The line containing "Premium iPhone Case" and every line after it, through the end of the records below, are to be reproduced exactly, with the pictures left out.

** Opening STUDY MATERIAL block **

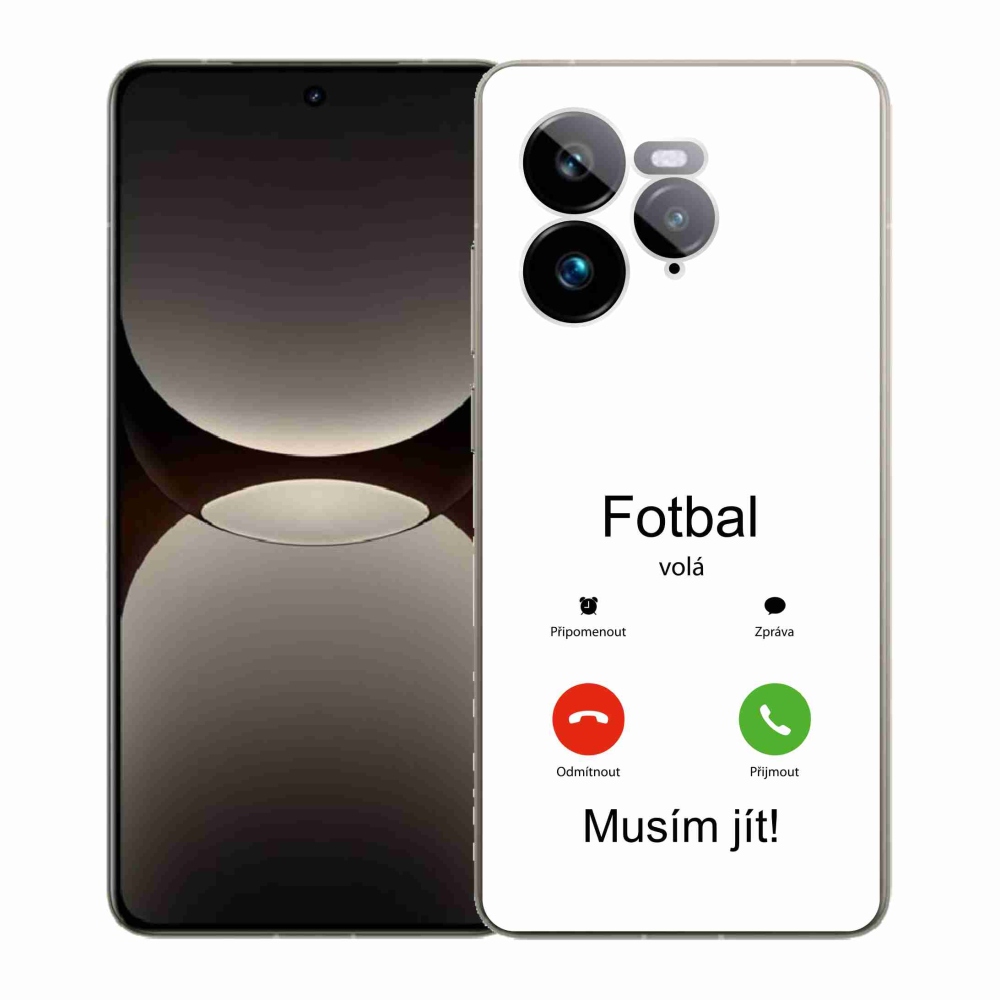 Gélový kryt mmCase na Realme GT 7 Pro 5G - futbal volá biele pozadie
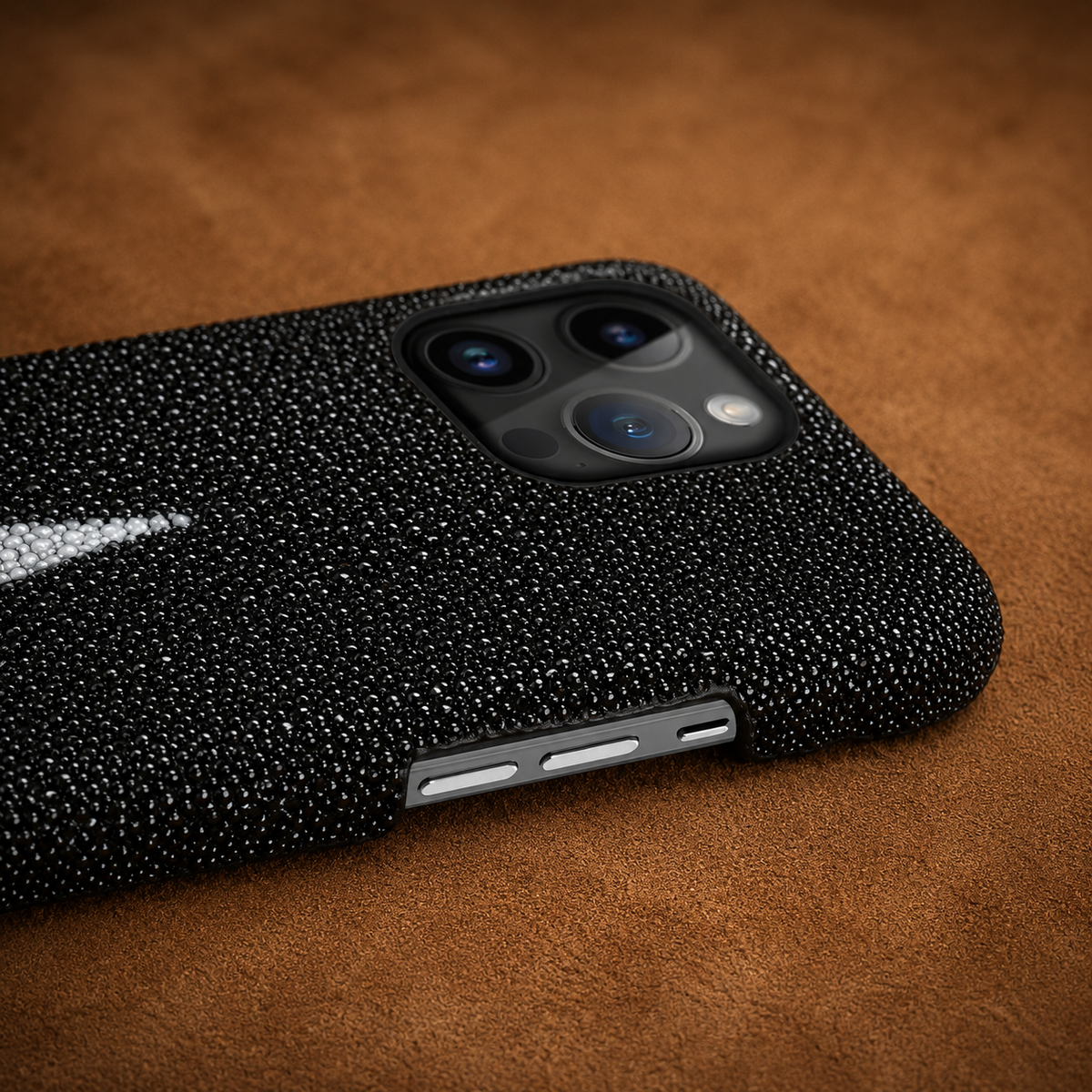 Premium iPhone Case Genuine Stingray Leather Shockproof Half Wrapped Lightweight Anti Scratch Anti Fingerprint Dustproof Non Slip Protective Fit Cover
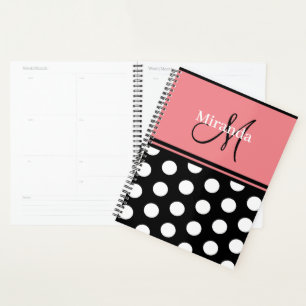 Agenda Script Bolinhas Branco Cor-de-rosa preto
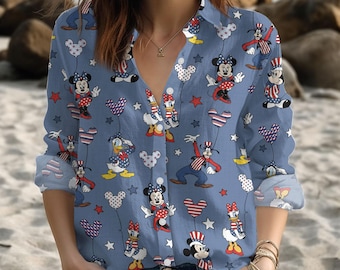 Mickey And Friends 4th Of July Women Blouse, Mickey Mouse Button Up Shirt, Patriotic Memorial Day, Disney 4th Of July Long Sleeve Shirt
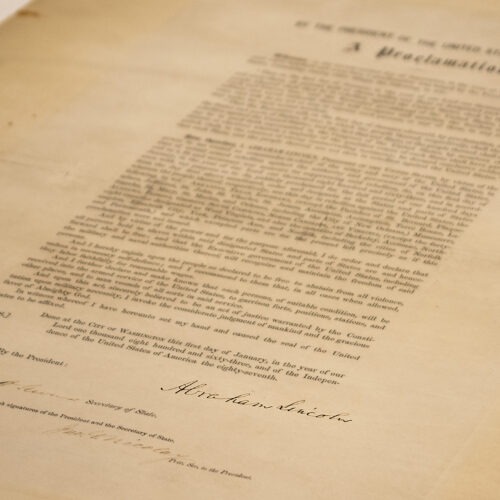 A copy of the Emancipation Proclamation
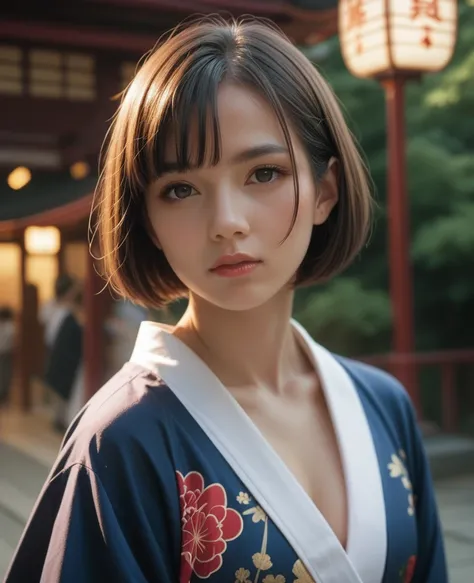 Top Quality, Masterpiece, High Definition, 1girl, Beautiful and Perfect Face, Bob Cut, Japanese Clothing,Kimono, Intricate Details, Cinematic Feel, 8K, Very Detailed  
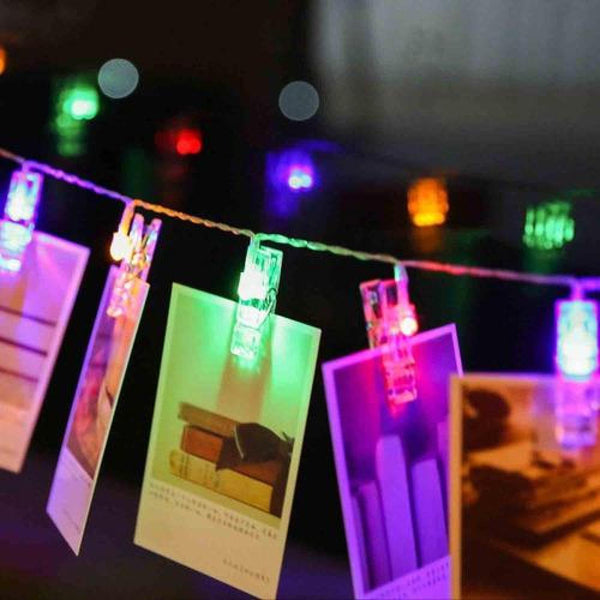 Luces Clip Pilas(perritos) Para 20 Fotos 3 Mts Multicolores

** Closing STUDY MATERIAL block **

**ANSWER**:
 Premium iPhone Case Genuine Stingray Leather Shockproof Half Wrapped Lightweight Anti Scratch Anti Fingerprint Dustproof Non Slip Protective Fit Cover
 Agenda Script Bolinhas Branco Cor-de-rosa preto
 Mickey And Friends 4th Of July Women Blouse, Mickey Mouse Button Up Shirt, Patriotic Memorial Day, Disney 4th Of July Long Sleeve Shirt
 A copy of the Emancipation Proclamation
 Top Quality, Masterpiece, High Definition, 1girl, Beautiful and Perfect Face, Bob Cut, Japanese Clothing,Kimono, Intricate Details, Cinematic Feel, 8K, Very Detailed  
 Luces Clip Pilas(perritos) Para 20 Fotos 3 Mts Multicolores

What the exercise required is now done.